§ Your task:
When the line containing "advice for new" is reached, begin transcribing. Continue exactly through the final line of the listing, and return nothing else.
-------
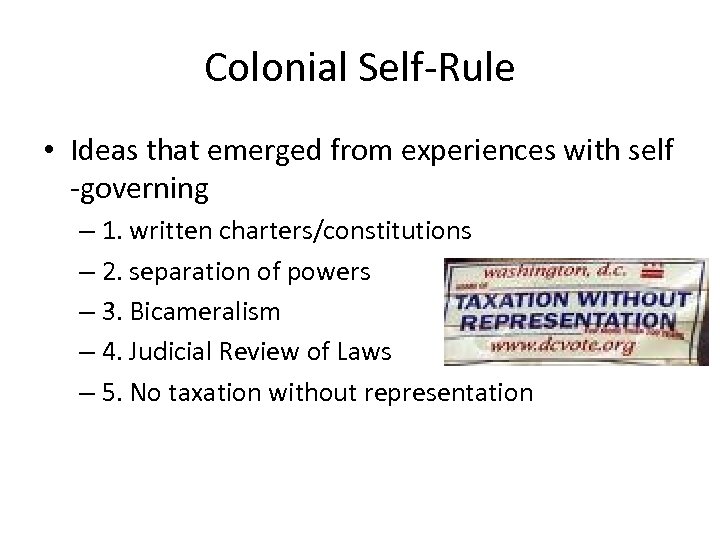 Colonial Self-Rule • Ideas that emerged from experiences with self -governing – 1. written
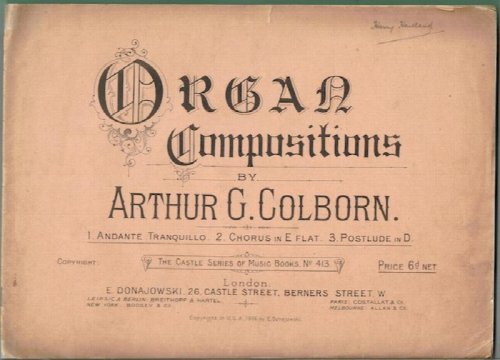 Organ Compositions: 1. Andante Tranquilo, 2. Chorus In E Flat, 3. Postlude In D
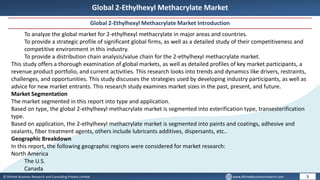 © Dhirtek Business Research and Consulting Private Limited www.dhirtekbusinessresearch.com
Global 2-Ethylhexyl Methacrylate Market
Global 2-Ethylhexyl Methacrylate Market Introduction
5
To analyze the global market for 2-ethylhexyl methacrylate in major areas and countries.
To provide a strategic profile of significant global firms, as well as a detailed study of their competitiveness and
competitive environment in this industry.
To provide a distribution chain analysis/value chain for the 2-ethylhexyl methacrylate market.
This study offers a thorough examination of global markets, as well as detailed profiles of key market participants, a
revenue product portfolio, and current activities. This research looks into trends and dynamics like drivers, restraints,
challenges, and opportunities. This study discusses the strategies used by developing industry participants, as well as
advice for new market entrants. This research study examines market sizes in the past, present, and future.
Market Segmentation
The market segmented in this report into type and application.
Based on type, the global 2-ethylhexyl methacrylate market is segmented into esterification type, transesterification
type.
Based on application, the 2-ethylhexyl methacrylate market is segmented into paints and coatings, adhesive and
sealants, fiber treatment agents, others include lubricants additives, dispersants, etc..
Geographic Breakdown
In this report, the following geographic regions were considered for market research:
North America
The U.S.
Canada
-------
§ Response box:
advice for new market entrants. This research study examines market sizes in the past, present, and future.
Market Segmentation
The market segmented in this report into type and application.
Based on type, the global 2-ethylhexyl methacrylate market is segmented into esterification type, transesterification
type.
Based on application, the 2-ethylhexyl methacrylate market is segmented into paints and coatings, adhesive and
sealants, fiber treatment agents, others include lubricants additives, dispersants, etc..
Geographic Breakdown
In this report, the following geographic regions were considered for market research:
North America
The U.S.
Canada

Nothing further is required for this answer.